The Lincoln Square shopping center is a little neighborhood-scale set of shops on Redwood Road next to Route 13. It’s not very natural but it has some interesting natural features. Here’s the topography in Google Maps.
The graded area sits across the small valley of uppermost Lion Creek, running due south from top center. (A second branch of Lion Creek is to the west cutting through Holy Names University.) Its east edge is a cut into the hillside, exposing a bunch of serpentine rock. It’s the little strip of purple on the geologic map of the same area.
You can see the rock next to the parking lot . . .
. . . and in more detail behind the Safeway and the other building full of shops. This exposure is quite spectacular, but I was just doing a reconnaissance and didn’t linger.
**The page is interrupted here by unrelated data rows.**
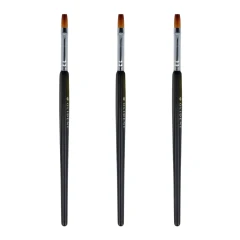 Pędzle OliBRUSH esthetic 3 szt. Olident -0763SP-47813.webp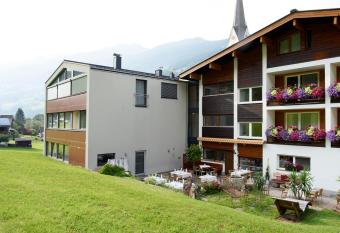 Hotel Silbertal has Balcony rooms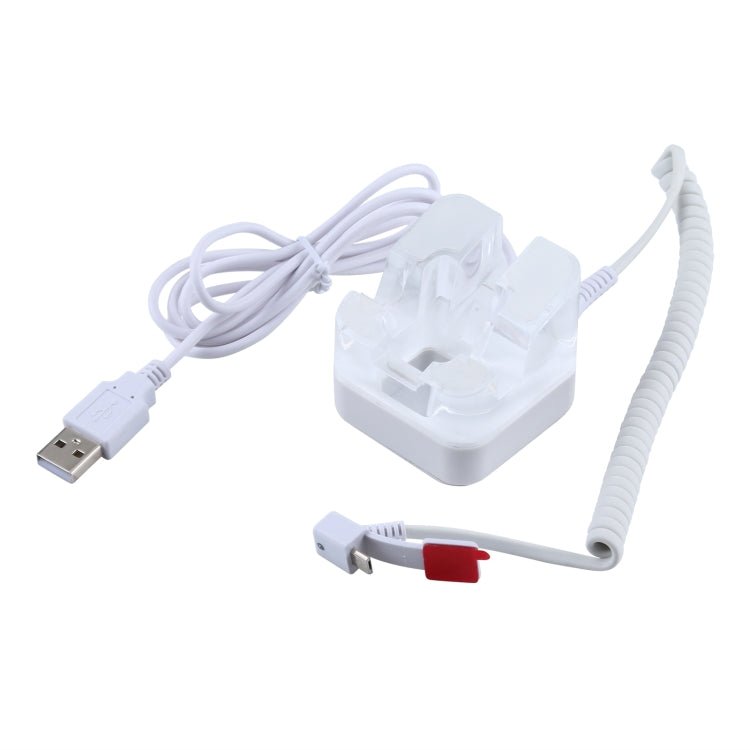 S10 Burglar Display Holder / Anti - theft Display Stand with Remote Control for Mobile Phones with Micro - USB Port - Trustpick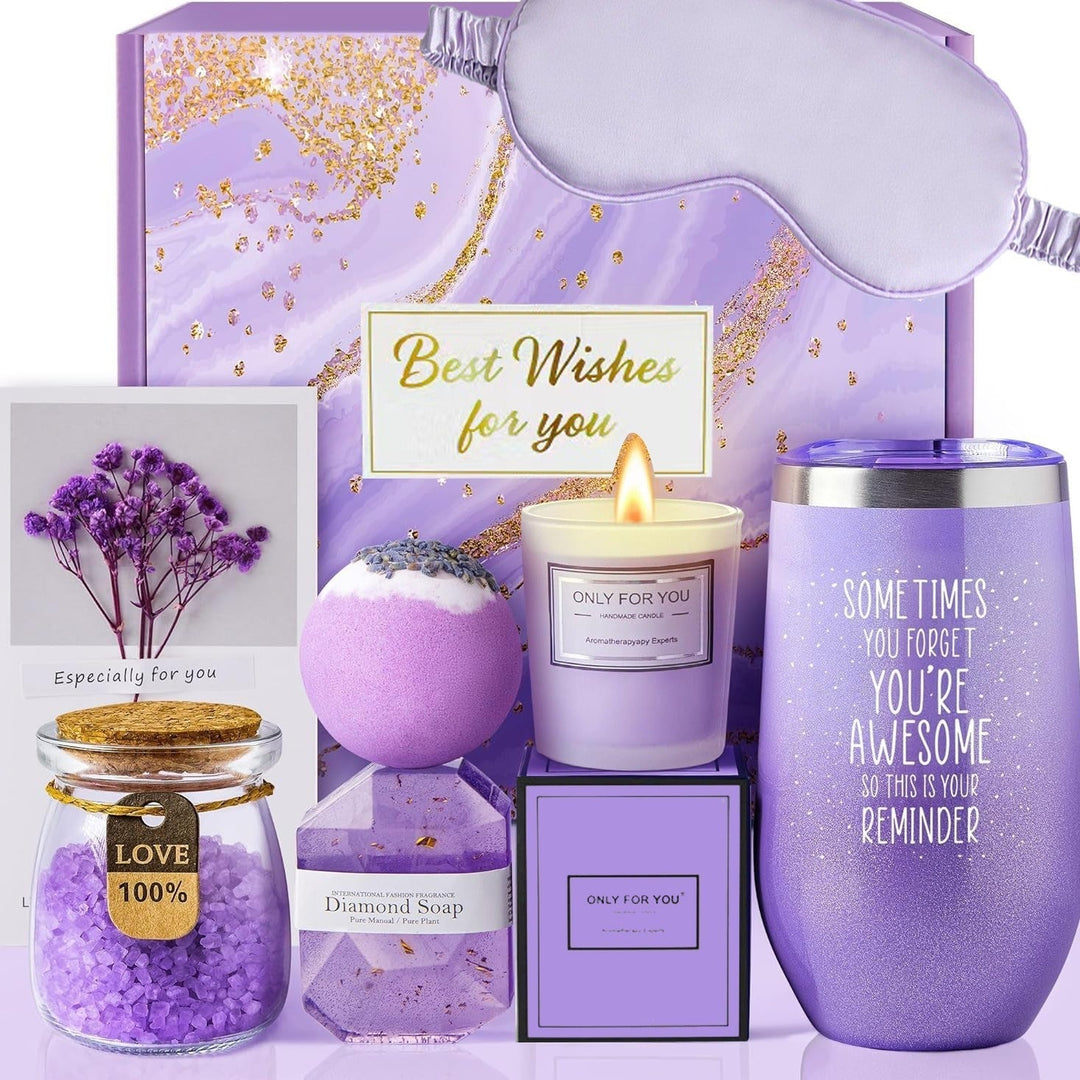 Luxury Bath Gift Set – BloomBath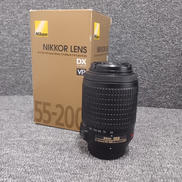 望遠ズームレンズ|NIKON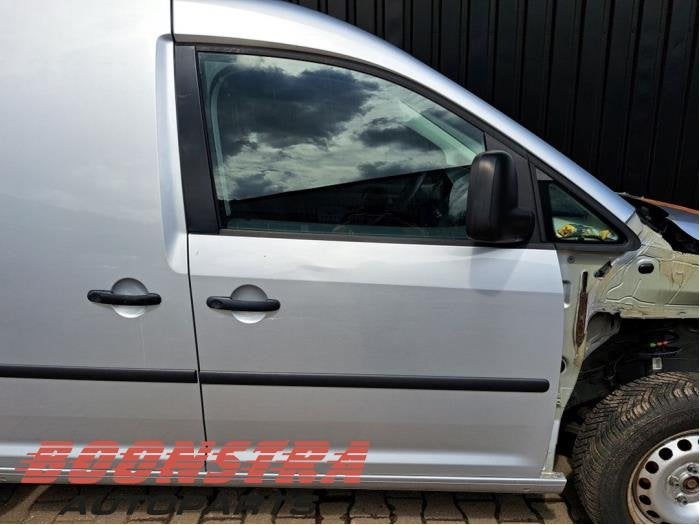 Portière 2portes droite d'un Volkswagen Caddy (Caddy 10-) (, Volkswagen, -, 3 mois de garantie, Utilisé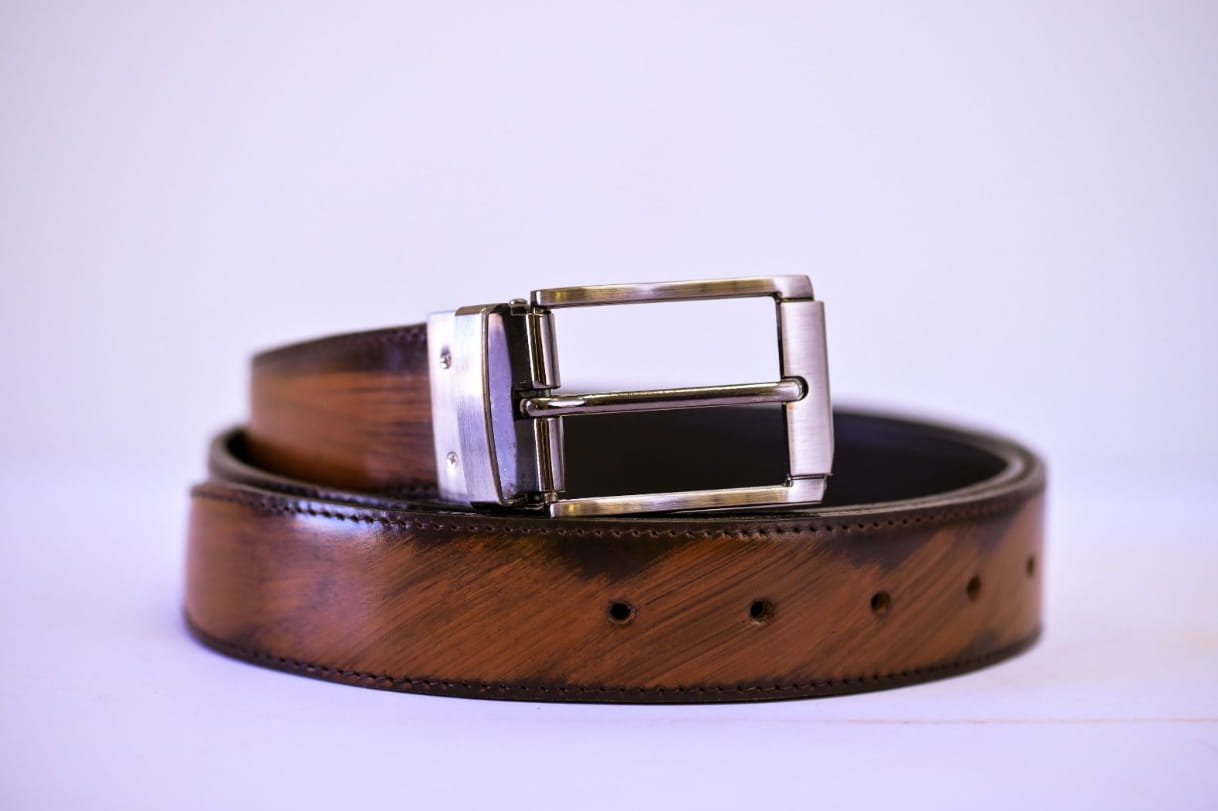 leather belts online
I was actually visiting here to look for signs of the aboriginal hematite workings. This is where the local tribes came to dig Oakland ocher. This is as close as I got to that, a boulder rich in iron oxides along the north driveway entrance.
I have only the most preliminary ideas about this area. The map classifies this area as Franciscan sandstone, and this boulder doesn’t contradict that. There are other brief nods to the original landscape studding the parking lot, but on whole it’s pretty sorry-looking.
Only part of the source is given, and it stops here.